Single arm retrospective studies performed by Brock and Alberts (30), Tiseo et al. (19) and Lavole et al. (21) with patient numbers of 147, 107 and 357 showed the feasibility of short hydration for cisplatin administration. Four single arm prospective studies, one involving 44 patients and performed by Horinouchi et al. (22), one involving 46 patients and performed by Hotta et al. (23), one involving 45 patients and performed by Ninomiya et al. (24) and one involving 46 patients and performed by Horinouchi et al. (26) also demonstrated the safety of short hydration for cisplatin. In addition, Ouchi et al. (27) retrospectively compared a short hydration protocol performed in 13 patients with a conventional hydration protocol performed in 17 patients and showed a similar safety between the two groups. The present retrospective study comparing short hydration with conventional hydration and involving a relatively larger patient population provides further confirmation of the safety of a short hydration protocol.
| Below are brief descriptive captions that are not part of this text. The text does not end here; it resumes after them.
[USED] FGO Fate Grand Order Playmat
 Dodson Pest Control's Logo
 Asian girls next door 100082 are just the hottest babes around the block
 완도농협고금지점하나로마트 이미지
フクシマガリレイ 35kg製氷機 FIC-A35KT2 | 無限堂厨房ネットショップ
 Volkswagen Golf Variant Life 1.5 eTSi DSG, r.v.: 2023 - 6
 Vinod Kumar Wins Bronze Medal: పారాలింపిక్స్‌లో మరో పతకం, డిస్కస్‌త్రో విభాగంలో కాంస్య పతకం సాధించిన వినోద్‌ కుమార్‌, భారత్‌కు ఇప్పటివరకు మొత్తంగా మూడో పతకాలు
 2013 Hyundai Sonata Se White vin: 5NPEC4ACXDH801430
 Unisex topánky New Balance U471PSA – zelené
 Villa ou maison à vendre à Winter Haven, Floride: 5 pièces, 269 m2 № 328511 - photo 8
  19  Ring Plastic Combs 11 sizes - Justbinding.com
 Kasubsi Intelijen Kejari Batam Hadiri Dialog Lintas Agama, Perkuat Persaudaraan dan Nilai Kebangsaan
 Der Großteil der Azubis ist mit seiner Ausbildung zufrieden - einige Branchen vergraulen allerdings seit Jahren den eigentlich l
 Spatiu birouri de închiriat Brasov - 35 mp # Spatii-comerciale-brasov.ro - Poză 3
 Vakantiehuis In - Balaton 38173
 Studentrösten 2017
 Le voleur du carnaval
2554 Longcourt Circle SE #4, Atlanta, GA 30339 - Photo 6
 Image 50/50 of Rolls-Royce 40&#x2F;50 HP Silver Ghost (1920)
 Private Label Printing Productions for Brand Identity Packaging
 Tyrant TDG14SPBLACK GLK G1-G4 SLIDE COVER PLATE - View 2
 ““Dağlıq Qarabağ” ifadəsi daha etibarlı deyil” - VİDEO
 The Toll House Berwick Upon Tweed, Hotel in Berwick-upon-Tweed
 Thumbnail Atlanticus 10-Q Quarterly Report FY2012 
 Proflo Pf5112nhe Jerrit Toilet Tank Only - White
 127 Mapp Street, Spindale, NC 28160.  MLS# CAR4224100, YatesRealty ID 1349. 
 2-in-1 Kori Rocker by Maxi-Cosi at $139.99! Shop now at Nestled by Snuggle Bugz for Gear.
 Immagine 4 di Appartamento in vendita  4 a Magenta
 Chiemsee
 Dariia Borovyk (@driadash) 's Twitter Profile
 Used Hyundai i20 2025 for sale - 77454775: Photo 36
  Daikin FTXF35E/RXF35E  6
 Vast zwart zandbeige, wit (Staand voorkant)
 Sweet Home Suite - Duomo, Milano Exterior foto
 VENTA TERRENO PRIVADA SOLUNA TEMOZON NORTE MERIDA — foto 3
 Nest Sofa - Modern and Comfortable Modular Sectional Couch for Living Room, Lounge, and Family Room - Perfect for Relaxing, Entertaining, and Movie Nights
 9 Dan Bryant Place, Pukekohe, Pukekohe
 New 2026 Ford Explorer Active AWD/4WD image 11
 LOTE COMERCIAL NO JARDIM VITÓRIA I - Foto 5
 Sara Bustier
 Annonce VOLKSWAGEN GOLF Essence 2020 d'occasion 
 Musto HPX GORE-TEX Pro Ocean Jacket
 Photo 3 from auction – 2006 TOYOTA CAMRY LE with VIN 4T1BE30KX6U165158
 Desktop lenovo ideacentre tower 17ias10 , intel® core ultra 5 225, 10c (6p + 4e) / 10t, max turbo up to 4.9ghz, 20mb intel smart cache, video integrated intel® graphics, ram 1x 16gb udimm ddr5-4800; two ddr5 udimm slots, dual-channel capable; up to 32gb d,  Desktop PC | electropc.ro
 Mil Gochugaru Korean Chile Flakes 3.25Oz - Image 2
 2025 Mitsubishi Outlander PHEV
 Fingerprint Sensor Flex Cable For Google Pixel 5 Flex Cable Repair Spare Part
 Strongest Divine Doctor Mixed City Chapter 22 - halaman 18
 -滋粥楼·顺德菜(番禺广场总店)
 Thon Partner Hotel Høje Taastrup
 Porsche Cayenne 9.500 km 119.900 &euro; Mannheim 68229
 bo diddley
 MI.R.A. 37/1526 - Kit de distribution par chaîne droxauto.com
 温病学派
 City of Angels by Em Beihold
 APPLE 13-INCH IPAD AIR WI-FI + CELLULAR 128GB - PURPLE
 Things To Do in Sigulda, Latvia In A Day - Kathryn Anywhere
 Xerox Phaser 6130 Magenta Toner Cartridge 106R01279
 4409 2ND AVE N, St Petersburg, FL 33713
Interestingly, this study suggested that the short hydration protocol had a safer toxicity profile than the conventional hydration protocol, with a significantly lower incidence of nephrotoxicity as assessed using the serum creatinine level and equivalent incidences of other hematological and non-hematological toxicities. Although the study performed by Horinouchi et al. was a single arm investigation, this research group had retrospectively evaluated the renal toxicity of cisplatin administered using a conventional hydration protocol in a previous study (31). When the two reports by these authors were directly compared, elevated serum creatinine levels of grades 1 and 2 were observed in 16% (7/44) and 2% (1/44), respectively, of the patients who received the short hydration protocol (22), whereas grade 1 and 2/3 elevations were observed in 37% (231/617) and 17% (104/617), respectively, of the patients who received conventional hydration (31). Special caution should be paid, however, in interpreting these data because the observation methods, such as the measurement schedule for serum creatinine, may have differed between the two studies.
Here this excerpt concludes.